Justiça condena Carlos Antônio ao pagamento de multa em R$ 40 mil e suspende direitos políticos por 5 anos e perda de funções públicas

A Justiça Federal de Sousa/PB emitiu ofício na última sexta-feira (01/12/2017) dando notícia de mais uma condenação em desfavor do ex-prefeito de Cajazeiras, Carlos Antônio Araújo de Oliveira (DEM).

Na sentença, o Juiz Federal Titular da 8ª Vara Federal/SJPB, Dr. Marcos Antônio Mendes de Araújo Filho julgou procedente a pretensão ministerial, para condenar o réu Carlos Antônio a ressarcir o erário no importe de R$ 20.000,00 (vinte mil reais), a ser atualizado monetariamente, nos termos do Manual de Cálculo da Justiça Federal; pagamento de multa civil no valor de R$ 40.000,00 (quarenta mil reais), a ser atualizado monetariamente, nos termos do Manual de Cálculo da Justiça Federal; proibição de contratação com o Poder Público e a suspensão dos direitos políticos, ambos por 05 (cinco) anos, contados a partir do trânsito em julgado da sentença (art. 20 da LIA) e, perda da função pública eventualmente ocupada.

No tocante à autoria, tem-se que Carlos Antônio Araújo de Oliveira, na condição de Prefeito do Município de Cajazeiras/PB, foi o responsável não só pela aprovação e ratificação da inexigibilidade da licitação (fls. 89/90 – ICP Vol. I), mas também pela contratação direta da empresa Adriano dos Santos Jales (CNPJ n.º 07.115.086/0001-47) para a execução do Convênio n.º 646/2008, em desconformidade com a legislação correlata (fls. 93/94 – ICP Vol. I).

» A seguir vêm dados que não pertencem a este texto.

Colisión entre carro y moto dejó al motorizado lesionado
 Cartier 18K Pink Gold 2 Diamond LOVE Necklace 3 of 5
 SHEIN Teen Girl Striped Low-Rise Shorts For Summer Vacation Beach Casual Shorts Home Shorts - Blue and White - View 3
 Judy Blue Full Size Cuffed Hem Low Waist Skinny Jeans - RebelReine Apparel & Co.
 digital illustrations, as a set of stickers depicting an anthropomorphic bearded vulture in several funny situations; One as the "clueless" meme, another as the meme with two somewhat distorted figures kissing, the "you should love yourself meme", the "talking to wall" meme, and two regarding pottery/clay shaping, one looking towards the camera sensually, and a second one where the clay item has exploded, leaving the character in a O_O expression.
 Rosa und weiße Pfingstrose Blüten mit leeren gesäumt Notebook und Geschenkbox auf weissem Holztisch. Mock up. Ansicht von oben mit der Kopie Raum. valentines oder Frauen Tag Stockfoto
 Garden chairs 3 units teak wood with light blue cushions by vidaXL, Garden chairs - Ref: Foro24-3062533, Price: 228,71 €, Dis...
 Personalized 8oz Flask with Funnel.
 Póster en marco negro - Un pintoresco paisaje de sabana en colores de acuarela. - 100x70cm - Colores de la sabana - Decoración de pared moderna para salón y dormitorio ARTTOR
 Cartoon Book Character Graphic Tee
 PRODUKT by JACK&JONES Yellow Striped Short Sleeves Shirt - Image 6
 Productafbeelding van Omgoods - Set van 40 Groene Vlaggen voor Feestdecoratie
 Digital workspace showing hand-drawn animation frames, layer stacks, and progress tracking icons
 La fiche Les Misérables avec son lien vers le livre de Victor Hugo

A empresa LBS e seu procurador se beneficiaram de modo direto das práticas ilegais dos agentes públicos, vez que, frustrada a licitação evidentemente que se obteve o direito de contratar com o Poder Público sem sujeitar-se a qualquer processo seletivo.

A prova produzida deixa incontroverso que o demandado, na condição de prefeito e valendo-se de verbas federais, contratou show artístico: a) sem realizar licitação; b) sem obter qualquer referência acerca da popularidade/conceito do profissional; c) sem realizar pesquisa de preços; e d) perante intermediário/atravessador. Configurada, pois, a hipótese do artigo 10, VIII, da Lei de Improbidade.